Exercise materials:
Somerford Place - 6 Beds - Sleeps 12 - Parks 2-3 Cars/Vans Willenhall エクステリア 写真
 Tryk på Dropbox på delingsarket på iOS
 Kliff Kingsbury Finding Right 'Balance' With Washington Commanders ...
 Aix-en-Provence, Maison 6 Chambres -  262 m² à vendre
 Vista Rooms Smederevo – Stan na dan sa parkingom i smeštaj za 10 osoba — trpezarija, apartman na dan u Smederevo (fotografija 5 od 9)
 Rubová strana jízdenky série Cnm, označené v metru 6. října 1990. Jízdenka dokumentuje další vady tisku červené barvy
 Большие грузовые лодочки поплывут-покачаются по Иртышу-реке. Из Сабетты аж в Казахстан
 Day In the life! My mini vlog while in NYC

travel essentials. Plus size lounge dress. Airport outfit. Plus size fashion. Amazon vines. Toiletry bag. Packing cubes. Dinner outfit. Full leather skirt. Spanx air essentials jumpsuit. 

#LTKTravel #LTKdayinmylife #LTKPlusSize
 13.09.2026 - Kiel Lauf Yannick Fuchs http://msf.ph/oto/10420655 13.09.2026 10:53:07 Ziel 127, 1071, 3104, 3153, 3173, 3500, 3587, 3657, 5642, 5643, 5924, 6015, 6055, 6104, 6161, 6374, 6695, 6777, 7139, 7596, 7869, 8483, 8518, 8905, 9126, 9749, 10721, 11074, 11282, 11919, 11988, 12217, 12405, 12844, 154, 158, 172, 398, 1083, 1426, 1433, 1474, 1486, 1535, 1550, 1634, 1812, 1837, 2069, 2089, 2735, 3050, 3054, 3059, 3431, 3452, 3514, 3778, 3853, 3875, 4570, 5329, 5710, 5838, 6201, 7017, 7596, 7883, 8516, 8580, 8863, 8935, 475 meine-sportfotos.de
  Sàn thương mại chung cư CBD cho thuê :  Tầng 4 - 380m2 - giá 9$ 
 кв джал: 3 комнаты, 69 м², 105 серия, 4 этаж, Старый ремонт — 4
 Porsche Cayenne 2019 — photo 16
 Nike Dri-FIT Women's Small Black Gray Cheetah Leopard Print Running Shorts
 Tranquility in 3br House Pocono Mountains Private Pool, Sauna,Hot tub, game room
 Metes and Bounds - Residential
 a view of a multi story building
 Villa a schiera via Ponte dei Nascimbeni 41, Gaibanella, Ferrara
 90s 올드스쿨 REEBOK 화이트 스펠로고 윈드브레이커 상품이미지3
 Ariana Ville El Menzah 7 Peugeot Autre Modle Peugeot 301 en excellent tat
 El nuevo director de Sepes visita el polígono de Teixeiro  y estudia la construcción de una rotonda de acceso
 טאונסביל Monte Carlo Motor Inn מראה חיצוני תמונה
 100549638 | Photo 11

Problem requirements: Your task is to restate, word for word, the lines from the beginning of the records to the line with "Rubová strana jízdenky", inclusive.

Output of the exercise:
Somerford Place - 6 Beds - Sleeps 12 - Parks 2-3 Cars/Vans Willenhall エクステリア 写真
 Tryk på Dropbox på delingsarket på iOS
 Kliff Kingsbury Finding Right 'Balance' With Washington Commanders ...
 Aix-en-Provence, Maison 6 Chambres -  262 m² à vendre
 Vista Rooms Smederevo – Stan na dan sa parkingom i smeštaj za 10 osoba — trpezarija, apartman na dan u Smederevo (fotografija 5 od 9)
 Rubová strana jízdenky série Cnm, označené v metru 6. října 1990. Jízdenka dokumentuje další vady tisku červené barvy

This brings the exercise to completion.